一
我有一栋废弃不忍直视的老屋,在我爱莫能及的寂寞中坦然地接受终结。是老爹花了毕生心血所建,自始至终未能完善的基建带着疲惫的欠缺,尽职尽责庇佑过一家老小。
老屋并不老,只是不适合现代人居住被我着急遗弃。八十年代农村极及普遍的江南小屋,木质砖瓦结构坐北朝南。一些房梁青砖和瓦片,沿用了上一代坍塌的老房子拼凑而成。
记得八二年的冬天,是一个非常寒冷的冬天。
一大早几只寒鸦还未来得及落脚大和院的屋顶,就被早早爬上房梁拆房的帮工惊走,一拍翅膀仓皇逃离,丢下一路耐人寻味的高声远飞。
吃过早饭,老爹把我急急地送进小学,叮嘱我几句,转身实施他筹备多时的建房计划。
下午放学回家,几家合住带有天井的大合院凭空消失。从来没有照进地皮的斜阳在废墟上贪婪醒目地慢慢挪动光影。几名亲戚和老爹在清理废墟里的青砖瓦片。其他几家住户更是忙得热火朝天,滚动着两人合围的房梁和老爹一样脸上荡漾着有建设新房的喜悦期盼。很自然叫人联想到被掏空内脏的年猪,一个个帮工有如屠夫手法娴熟地残忍分解。完全没有了百年老屋毁于一旦的惋惜,太有迫不及待的完事。

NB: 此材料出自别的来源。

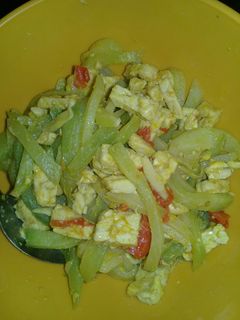 Foto resep Tumis labu siam tempe bumbu kuning pedas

在战火纷飞的年代,大和院里时常是擦枪走火。它没有消失于战祸,却经受不住风雨侵蚀在和平年代的殒溃,多少也奠定了它历史时期的幸运和不幸。也只能把它看作高寿的老人寿终,来淡化过往的历史伤感。
建于晚清时期雕龙画凤的大和院一天被瓜分,曾经朝夕相处的邻里那一天略有心怀城府的叵测,不时去羡慕分得上好木料的邻里。说笑之间露出很不自然的伪饰,很快又被建设新房子的美好兴奋所浸染。
软糯忠厚的老爹,吃亏了一辈子。作为年轻的晚辈分得了西北角落一细小房间的横梁和楼板,自然得到的好处并不满意。只是当时碍于情面不好过多的去计较,事后想起多少也是心不甘情不愿。心情不舒畅的时候,偶尔也在我们面前嘀咕两句,抱怨爷爷奶奶的不公。时常又用一句“好男不争爷娘利,好女不争嫁妆衣”的俗语来感化自己,实际也是在教化我们遭受不公时转换思路来学会感恩。
有什么办法。姆妈过世得早,再也没有一个人真心愿意和老爹站成一线向大伙争执属于自己的所得。那一天是大和院里空前繁忙的一天,也是大和院里最热闹的一次聚合。
短暂的欢快过后,是更漫长的建房愁容。迫于危房的形势所逼,真实地在每一家户主脸上面露很不情愿的沉重。眉宇间凝固着难以舒展的菜色,越发不能真实地猜透年龄。望着我出生雄伟的大和院有如碎裂的大水缸露出硕大的豁口,还高不过老爹清理瓦片时弯腰的脊梁。人为破败的速度给我幼小心灵留下的震撼,不亚于望着严寒里广阔枯黄不可名状的慌乱。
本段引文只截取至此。